= Wilhelm Röpke Institute =

Economic research institute

The Wilhelm Röpke Institut is an economic research institute in the Thuringian state capital Erfurt.

== History ==
The institute was named after the German economist Wilhelm Röpke. It was founded on May 23, 2007, and has the legal form of a registered association. It was initiated, among others, by the economist Thomas Straubhaar.

The institute is in close cooperation with the Hamburg Institute of International Economics, which operated a temporary branch office in Erfurt in the early days. The institute is one of the initiators of the Jena Alliance and is a partner of NOUS – Network for Economics of Order and Social Philosophy. In addition to other cooperations with various domestic and foreign research institutions, the institute is associated with the Faculty of Political Science at the University of Erfurt. After initially being located in Erfurt's Gorkistraße, it has now moved to the Faculty of Political Science.

== Tasks and goals ==
The central task of the institute is to reappraise the legacy of the economist Röpke. This includes, in addition to the promotion of young academics, two areas of responsibility. On the one hand, according to the statutes, "research is to be conducted in the field of economic policy, whereby the intellectual legacy of Wilhelm Röpke is of central importance, on the reform processes in the young federal states and in East-Central and Eastern Europe, as well as on the economic development and business cycle in Thuringia". In addition, these "results of the research are to be made accessible to a broader public through public events, workshops, etc."

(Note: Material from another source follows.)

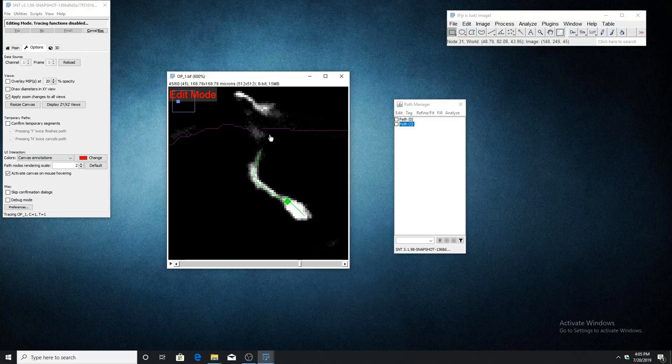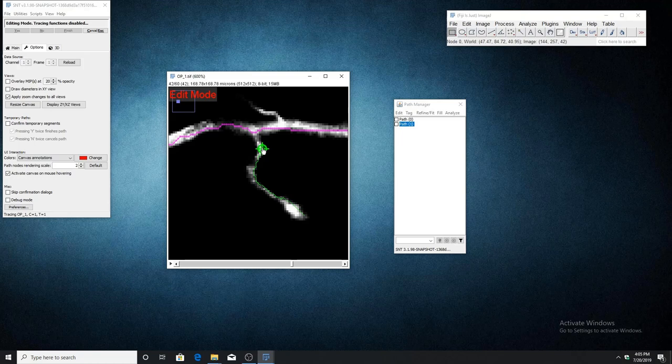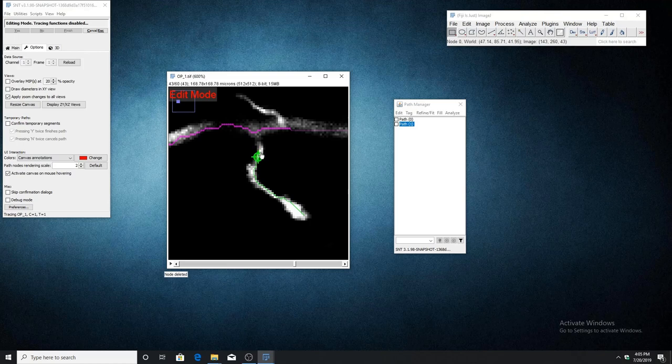To delete a node, first hover over the one you want to delete in order to activate it, then press D on the keyboard and this will permanently remove that node from the path.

The second task area is the research of Röpke's intellectual legacy. This includes researching the estate.
The Institute holds the Wilhelm Röpke Lecture once a year and also seminars and colloquia. In addition, the Institute organizes the conferences on the New Economics of Order at Ettersburg Castle, as well as other individual conferences. For example, the 2016 International Wilhelm Röpke Congress in Geneva, which the Institute organized together with the Graduate Institute Geneva and the Liberal Institute.

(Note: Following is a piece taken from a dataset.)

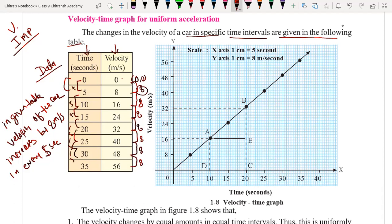Now we have to draw the graph for that. The first point we have is (0, 0) — time zero, velocity zero. Then for five seconds the velocity is 8, so our second point is at (5, 8).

== Membership structure ==
The institute has an international field of members. In addition to well-known economists such as economist Lars Feld, Michel Wohlgemuth, Nils Goldschmidt, Joachim Starbatty and Gerhard Wegner, it also includes prominent economic journalists such as Karen Horn, representatives of associations such as Gerald Grusser, and scholars from other disciplines. Among others, the political scientist Aurelian Craiutu, who teaches in the U.S., the Italian philosopher Dario Antiseri, the French Germanist Patricia Commun, and the German jurist Hermann-Josef Blanke are members.